I'm very happy about the IPS panel; not so the processor and not so the electric fence around much of Amazon's apps and content (their music store being a notable exception). And I know these things before actually using a Fire because I know what I need my tablet to be able to do.
About so-called lovers and haters: We all might want to think in less Boolean terms.
I've actually been referred to as an Apple-hater a few times on MR, but the interesting thing is that I've been a professional Apple user for most of my life. The music sessions, projects and performances that were my sole source of income for decades would have been impossible in the United States without the Mac (other computers were accepted in the industry elsewhere). I use Apple computers despite having a personal preference for non-Apple flexibility, which is why I also own a PC laptop at any given time and own fewer Apple smart devices than non-. Yet this doesn't stop Apple-lovers from assuming I must be a hater.
Nor is the Boolean Switch pulled exclusively by Apple users.
In another thread about Jobs, I was actually called an Apple fanboy, and in
this superficially polite post by RalphSirEdwards, he implied that my having said that the Atari ST wasn't common enough in the late 80s for me to use to make a living with music professionally in the States (meaning I couldn't have gotten booked to do recording sessions with it for the U.S. market 95% of the time) meant that
no one ever used it for music in the States.

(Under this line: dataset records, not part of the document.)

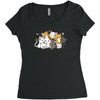 crazy cat lady Women's Triblend Scoop T-shirt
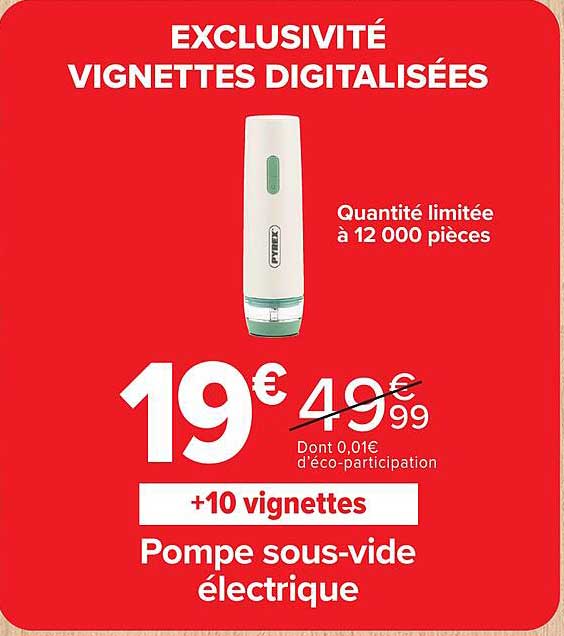 Pompe sous-vide électrique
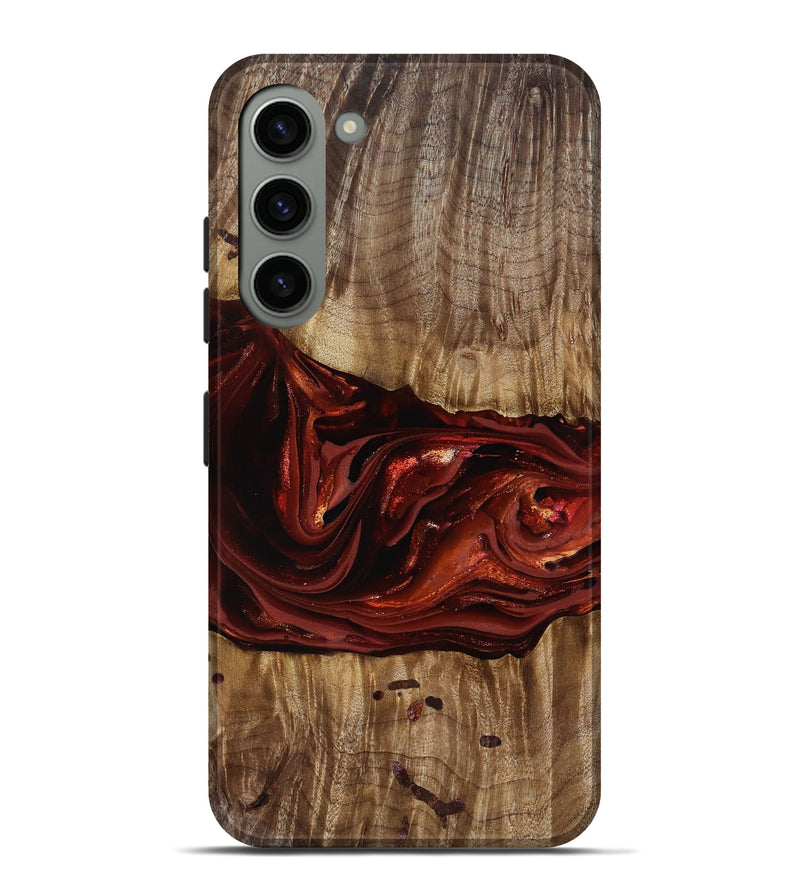 Galaxy S23 Plus Wood Live Edge Phone Case - Katrina (Red, 817489)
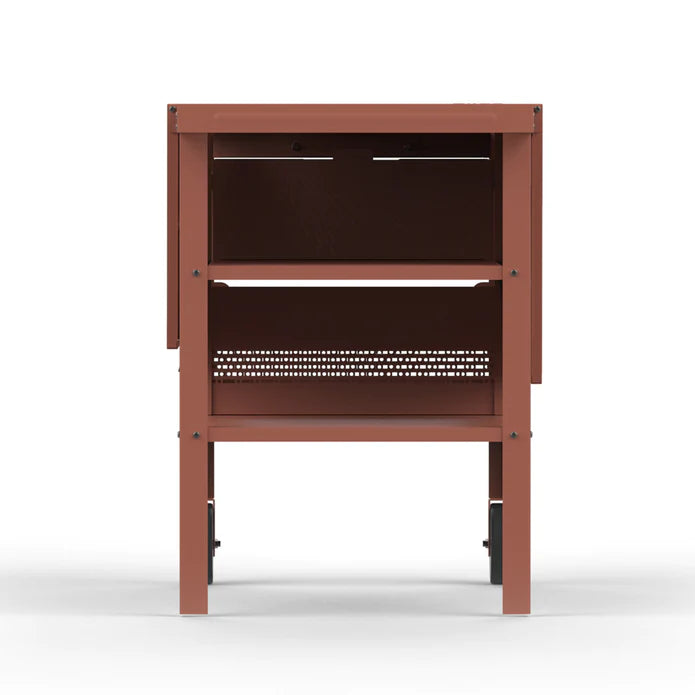 ZiiPa Fredda Deluxe Garden Trolley with Side Tables - Terracotta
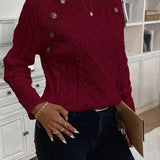 Maëlle - Stylish Twisted Knit Pullover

My point -- that the survival of a musician depends on conformity of software and hardware with that of their clients or clients' producers and engineers -- was completely dismissed by RSE and the conext erased, all to imply I hadn't been paying attention to my own life.
In fact, I have been a studio musician for decades and all I did was to pay attention. If any of my major clients had moved to a different OS, I'd have moved right with them. And if other musicians' clients had moved, I'd have known about it. New York, LA and, to a lesser extent, Nashville were centers of the industry back then, and every professional I knew in those places used ProTools and a Mac tower.

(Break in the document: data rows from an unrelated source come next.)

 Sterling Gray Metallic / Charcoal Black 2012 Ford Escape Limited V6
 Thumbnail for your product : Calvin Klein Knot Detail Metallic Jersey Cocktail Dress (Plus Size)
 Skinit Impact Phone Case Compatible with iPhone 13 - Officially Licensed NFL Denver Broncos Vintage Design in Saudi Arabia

RSE did this because he was trying to say that anyone who acknowledged Jobs's contribution in any way was an Apple fanboy. His same post, which seems so reasonable in tone, closed with the idea that he must stop posting or be "burned by the mob" of Apple users (including me) for not confessing that "Steve Jobs is God."
He had already declared his view of Jobs to be superior to mine and everyone else's (including other programmers!) through reasoning generally classified as argument by authority:
He claimed he was right because he was a "tool builder" and I must surely be a mere "tool user." When I mentioned that I had not only done but been hired to do programming myself, he insisted his view was the correct one because
he was a more legitimate tool builder than I.
This toward me, someone who respects Jobs's accomplishments and feels compelled morally to give him his due but doesn't actually like his personality or his business ethics. Like so many other threads on Mobileread, that one got more and more derailed by ad hominem and was closed before I could respond.
Here's what would be nice on this and future threads:
If, instead of talking about Apple haters and lovers, instead of talking about how Linux, PC and pure Android users are hateful elitists and Amazon and Apple users are morons, we could instead talk about
the importance of specs without dismissing one another as either too intolerant or too oblivious.
The argument that, because Apple products "just work," specs are unimportant is Orwellian in its implications -- not because it is advanced by Apple users but because it is substituting marketing masquerading as instinct for rational analysis.
By all means, buy an Apple product if it proves to work the best for you, but think very clearly about your reasons for buying it as opposed to some other company's product. Otherwise, on the day an Apple product doesn't work for you, you'll have had no prior warning and no idea what to do about it.
Certain (by no means all) Apple users on this thread might want to think about this:
If specs are unimportant to you but very important to others, then why is it necessary to make some dismissive fashion designer decision that specs are now unnecessary instead of respecting other users who want that information? Your experience as a reader isn't harmed by the specs section of a review. You can skip that part, but other readers can't insert it. You talk of discrimination against Apple users -- what about your discrimination against people who want technical information? You can't simply say
ego ergo sic and declare that, because Apple's slogans and your instincts seem to have merged into a single pre-rational preference for "not wanting to know" (as someone above put it), reviewers should then build your personal habits into their reviews because simplicity is best. In the purely democratic sense, optional diversity beats imposed simplicity.